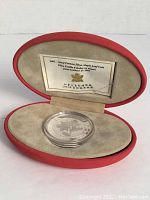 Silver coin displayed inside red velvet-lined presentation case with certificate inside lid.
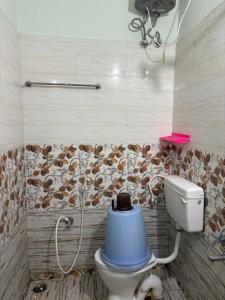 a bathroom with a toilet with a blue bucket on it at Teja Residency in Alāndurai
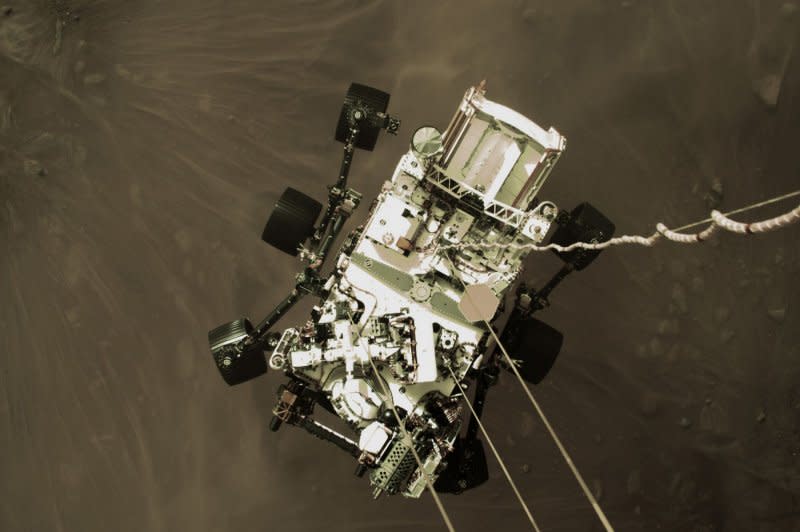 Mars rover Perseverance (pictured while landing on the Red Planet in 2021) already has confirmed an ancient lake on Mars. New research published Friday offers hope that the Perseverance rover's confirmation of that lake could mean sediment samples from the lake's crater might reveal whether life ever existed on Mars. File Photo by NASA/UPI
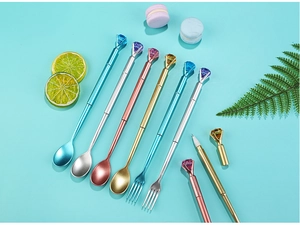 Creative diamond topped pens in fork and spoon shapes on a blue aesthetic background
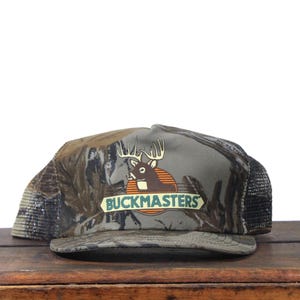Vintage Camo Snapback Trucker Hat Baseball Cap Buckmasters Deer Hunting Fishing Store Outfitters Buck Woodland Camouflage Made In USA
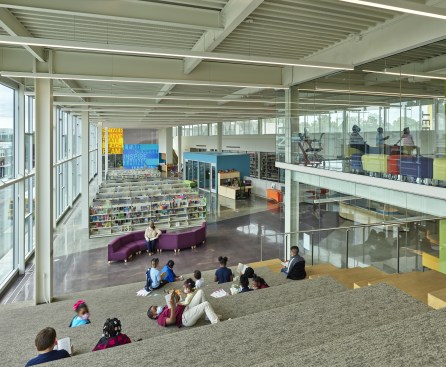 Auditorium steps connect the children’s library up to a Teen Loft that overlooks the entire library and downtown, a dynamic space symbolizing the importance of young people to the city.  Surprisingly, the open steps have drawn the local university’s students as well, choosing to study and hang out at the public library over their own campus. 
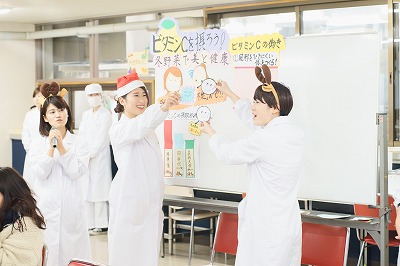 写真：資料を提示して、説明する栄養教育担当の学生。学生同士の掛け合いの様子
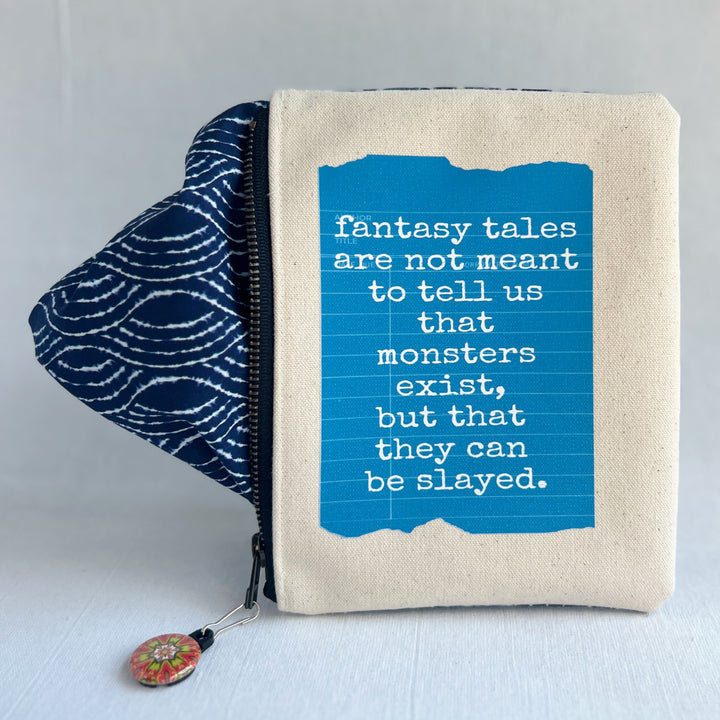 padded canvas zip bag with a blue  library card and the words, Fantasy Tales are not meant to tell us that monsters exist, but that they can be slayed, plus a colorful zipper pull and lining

+-------+

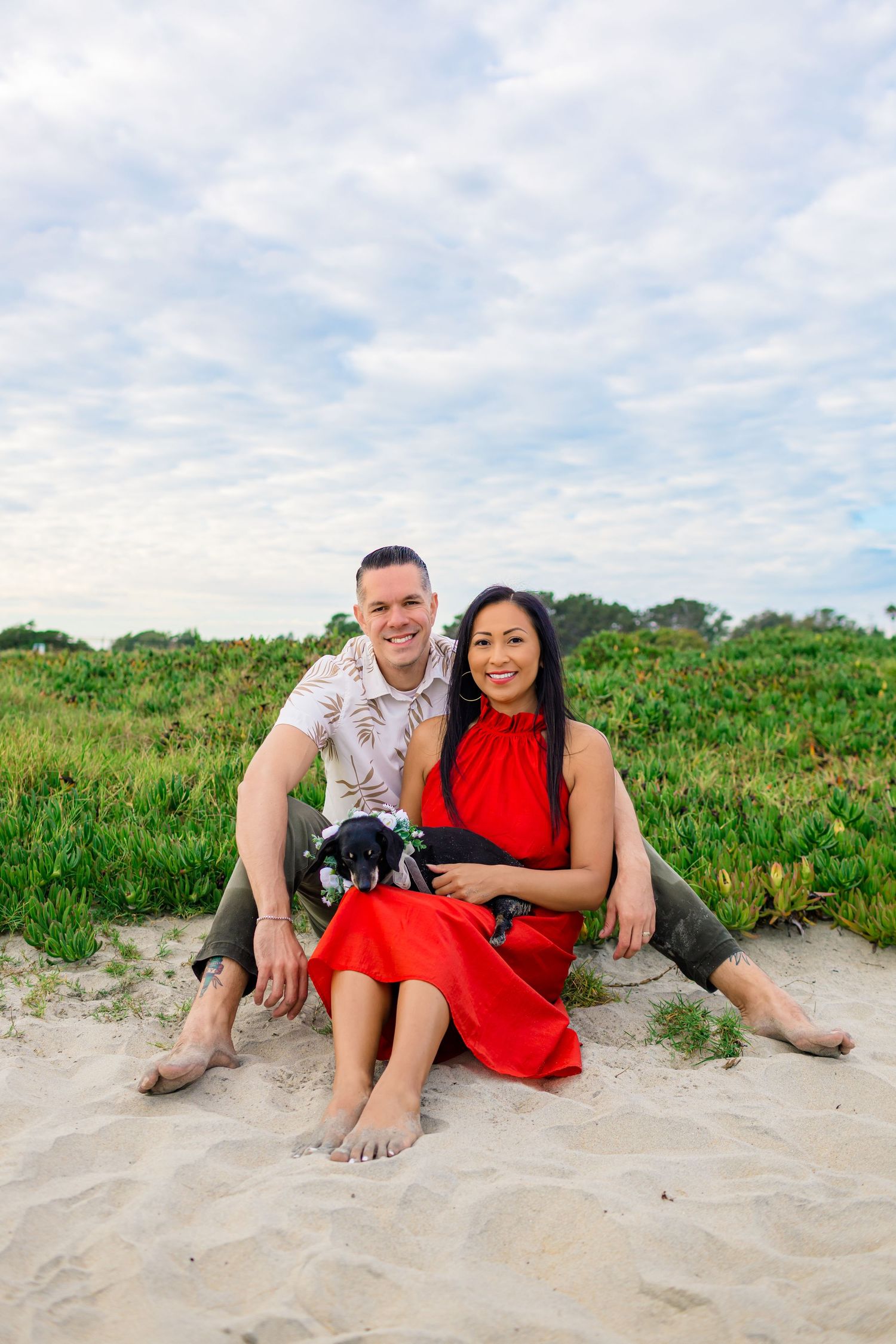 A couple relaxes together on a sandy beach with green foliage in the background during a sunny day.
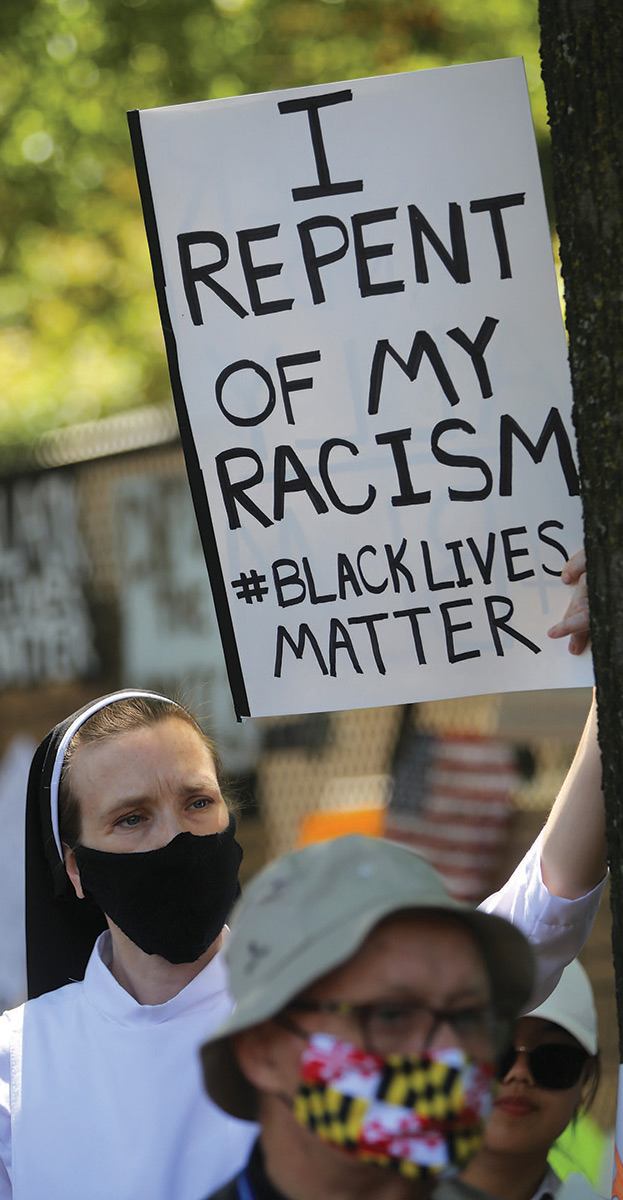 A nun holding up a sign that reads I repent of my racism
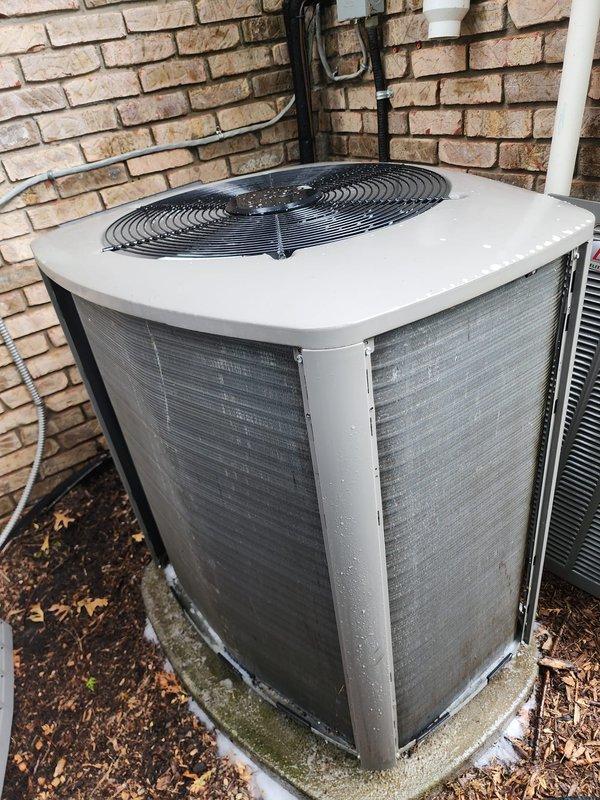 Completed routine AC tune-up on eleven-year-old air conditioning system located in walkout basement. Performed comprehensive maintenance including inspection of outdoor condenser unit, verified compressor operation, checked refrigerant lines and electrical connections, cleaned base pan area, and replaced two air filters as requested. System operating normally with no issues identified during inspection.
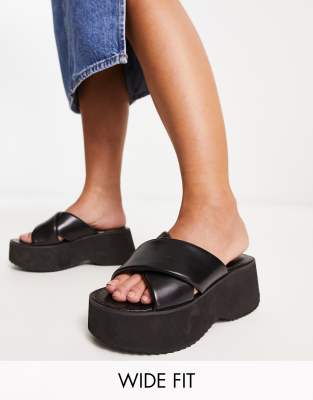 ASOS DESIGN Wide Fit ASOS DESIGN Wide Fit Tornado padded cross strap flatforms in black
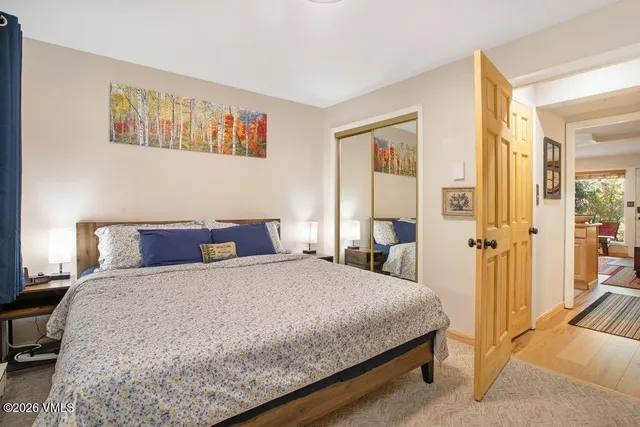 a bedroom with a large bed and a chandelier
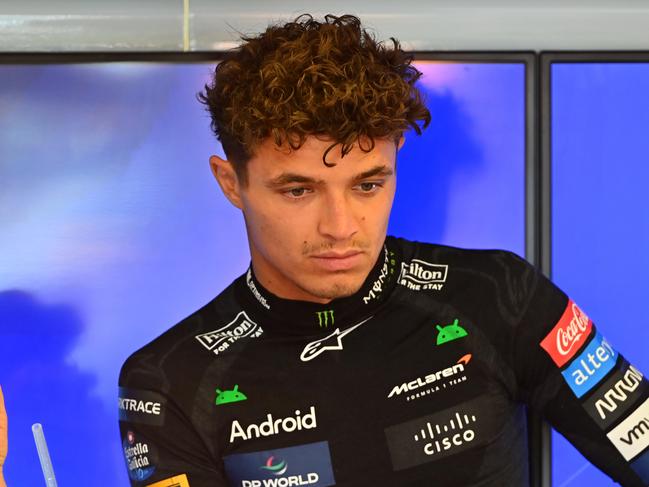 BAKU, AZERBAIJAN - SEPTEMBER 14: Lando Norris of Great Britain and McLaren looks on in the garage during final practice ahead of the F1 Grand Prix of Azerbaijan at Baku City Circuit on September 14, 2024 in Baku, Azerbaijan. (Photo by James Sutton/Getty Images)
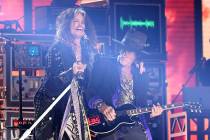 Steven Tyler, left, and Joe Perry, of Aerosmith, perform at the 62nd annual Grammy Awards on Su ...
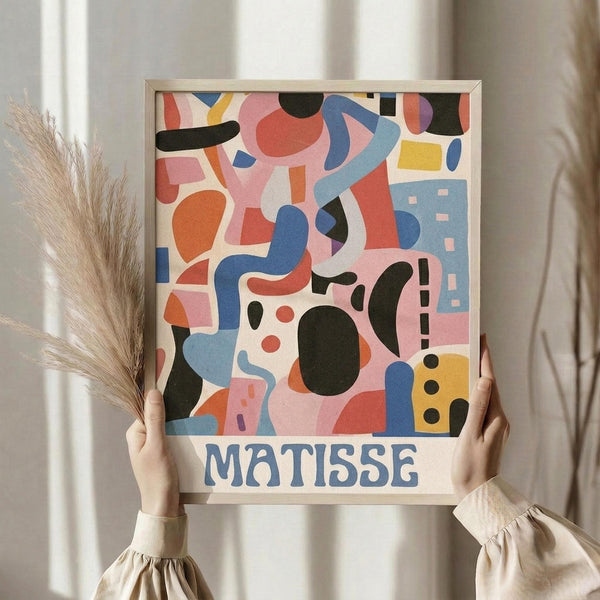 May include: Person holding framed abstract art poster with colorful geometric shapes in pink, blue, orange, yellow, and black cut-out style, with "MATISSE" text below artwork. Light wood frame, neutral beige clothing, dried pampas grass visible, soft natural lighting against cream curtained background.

+-------+

» WORK TO BE COMPLETED:
Out of the records above, set down only the lines from the one that contains "A couple relaxes" through the one that contains "BAKU, AZERBAIJAN - SEPTEMBER", unchanged and without the pictures.

» WRITTEN ANSWER:
 A couple relaxes together on a sandy beach with green foliage in the background during a sunny day.
 A nun holding up a sign that reads I repent of my racism
 Completed routine AC tune-up on eleven-year-old air conditioning system located in walkout basement. Performed comprehensive maintenance including inspection of outdoor condenser unit, verified compressor operation, checked refrigerant lines and electrical connections, cleaned base pan area, and replaced two air filters as requested. System operating normally with no issues identified during inspection.
 ASOS DESIGN Wide Fit ASOS DESIGN Wide Fit Tornado padded cross strap flatforms in black
 a bedroom with a large bed and a chandelier
 BAKU, AZERBAIJAN - SEPTEMBER 14: Lando Norris of Great Britain and McLaren looks on in the garage during final practice ahead of the F1 Grand Prix of Azerbaijan at Baku City Circuit on September 14, 2024 in Baku, Azerbaijan. (Photo by James Sutton/Getty Images)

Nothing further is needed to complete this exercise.